Please and thank-you
Ok we have some kind of sequence that goes
10,20,29,37,44 for the first 5 terms.
It looks like the n-th term is given by
(1) n*10 -((n-2)(n-1))/2
At least this would be one expression to generate the sequence. I don't know if your text/teacher made you aware that through any finite set of data points there are an infinite number of functions. The expression (1) I gave would probably be the most 'natural' one we could use. To answer part A) put in 8 for n in (1) and calculate.
For part B) we know that the amount of revenue per group is given by (1). The cost is 6/person, thus use expression (1) - 6n = net profit. Since we want this greater than 0 set (1) - 6n => 0 and solve for n. Use the last n for which it is positive.
Hint: make a table and calculate n for the first dozen terms or so. I did not get twelve, so don't think this a short-cut.
A) To find out how much a buffet dinner for 8 people costs, we can use the expression (1) given: n*10 - ((n-2)(n-1))/2.
Substituting n = 8 into the expression, we get:
8*10 - ((8-2)(8-1))/2
= 80 - (6*7)/2
= 80 - 21
= $59
Therefore, a buffet dinner for 8 people would cost $59.
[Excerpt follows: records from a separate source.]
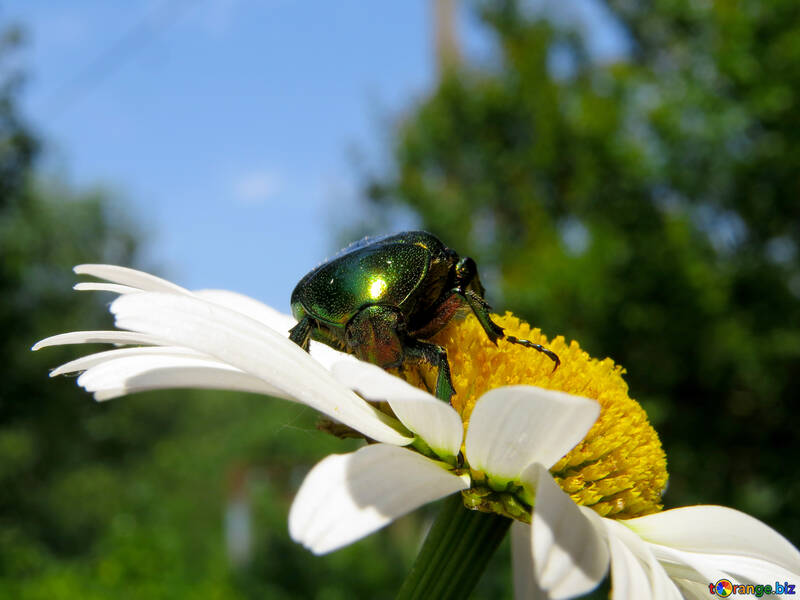 Käfer auf Blüte №33708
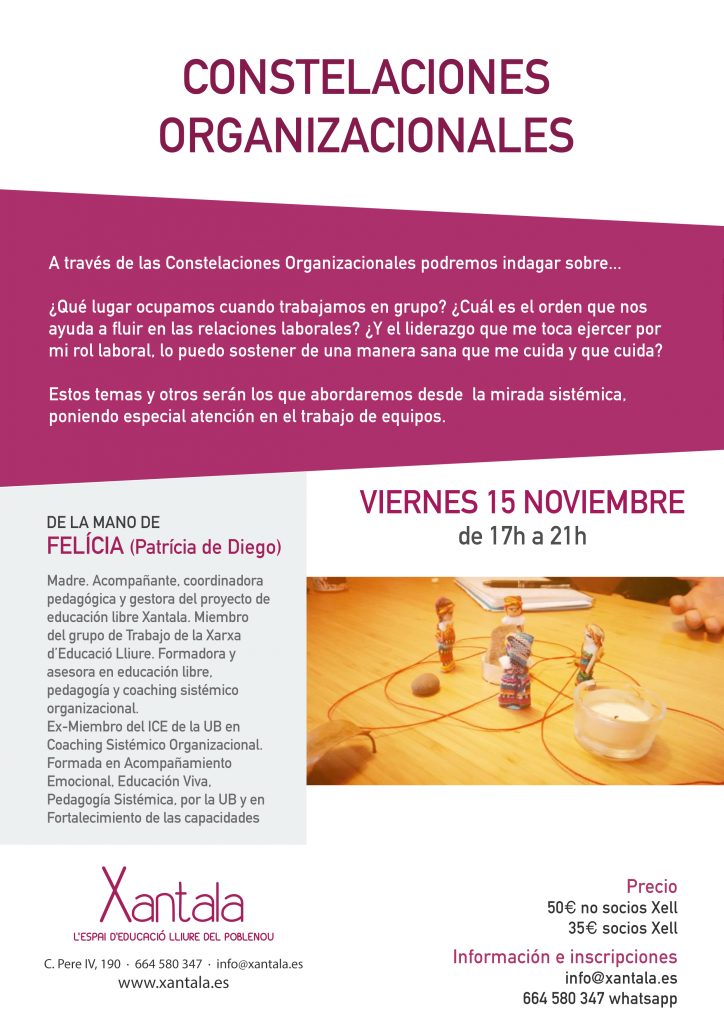constelaciones-organizacionales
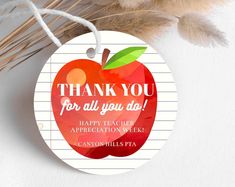 thank you for all you do teacher appreciation week ornament with an apple on it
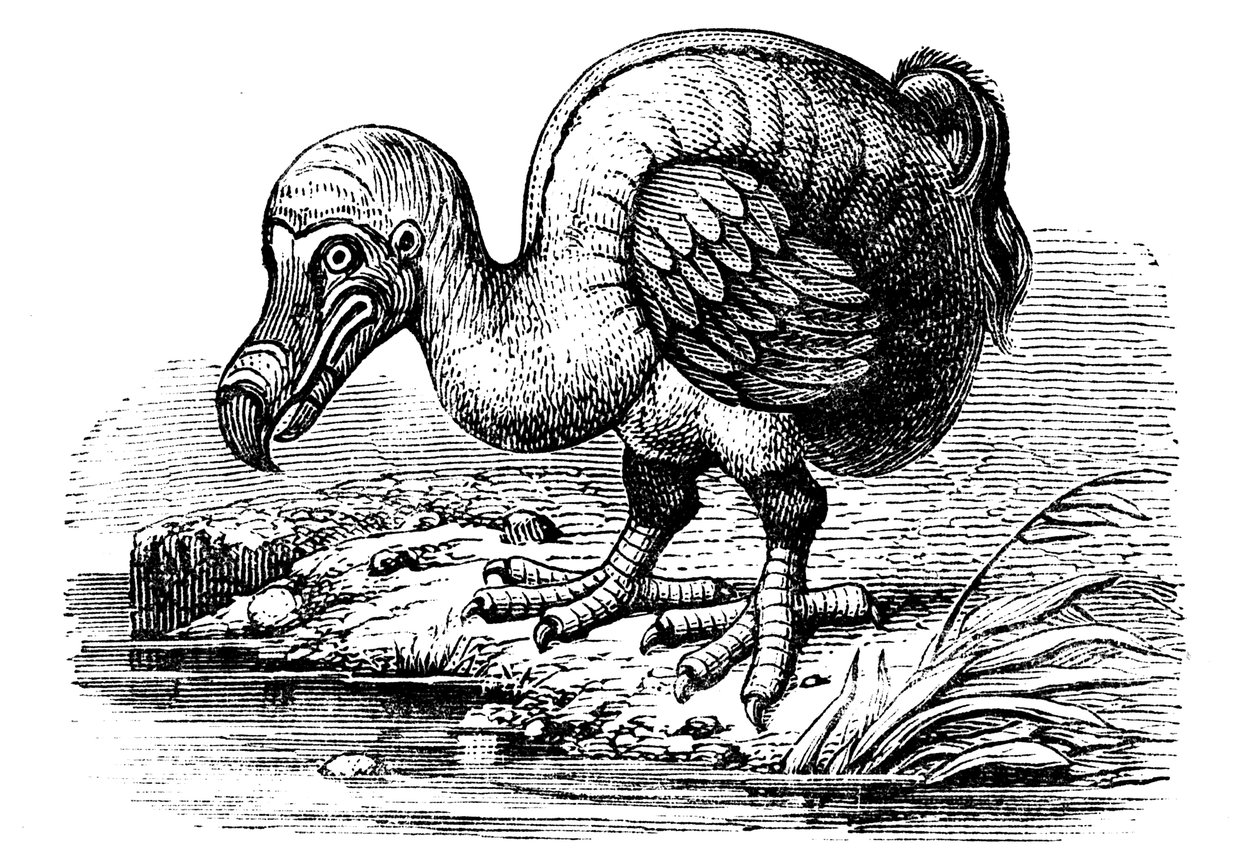 Dodo, 1884 by Unbekannt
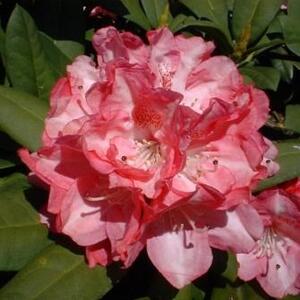 Rhododendron, Rhododendron hybrid 'Junigold', 5 liter potte | Plantorama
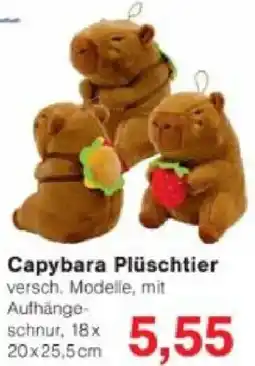 Jawoll Capybara Plüschtier Angebot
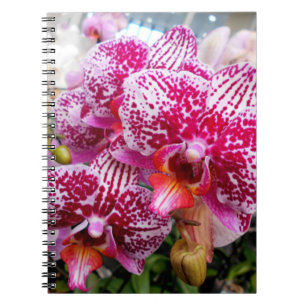 Carnet Orchidées roses de Dendrobium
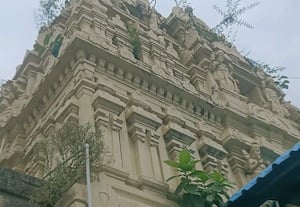  கோபுரத்தில் வளர்ந்துள்ள செடிகளால் சிற்பங்கள் சேதமாகும் அபாயம்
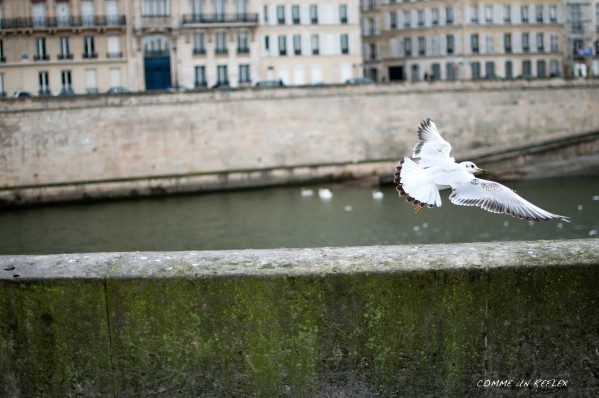 Promenade-parisienne 0151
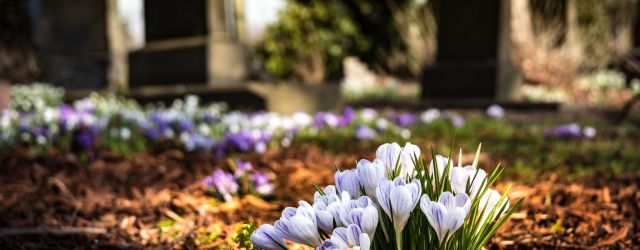 flowers in a graveyard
To calculate the savings if the members eat together rather than alone, we need to find the difference between the total cost if they eat together and the total cost if they eat individually.
If each person eats alone, the total cost would be 8*$10 = $80.
But if they eat together, the total cost is $59.
So, the group of 8 people would save $80 - $59 = $21 by eating together.
B) The cost for the restaurant per person is given as $6.
To find out how large a group the restaurant can serve without losing money, we need to determine the net profit. The net profit is calculated as the revenue (given by expression (1)) minus the cost per person ($6n).
Setting (1) - 6n greater than 0, we have:
n*10 - ((n-2)(n-1))/2 - 6n > 0
Now, we need to solve this inequality to find the largest value of n for which it holds true.
One way to approach this is by creating a table and calculating the net profit for various values of n. Start with small values of n and increment it gradually until the net profit becomes negative. The last value of n for which the net profit is positive is the maximum group size the restaurant can serve without losing money.
Note: Unfortunately, without having the values of the additional terms in the sequence, we cannot determine the exact group size the restaurant can serve without losing money.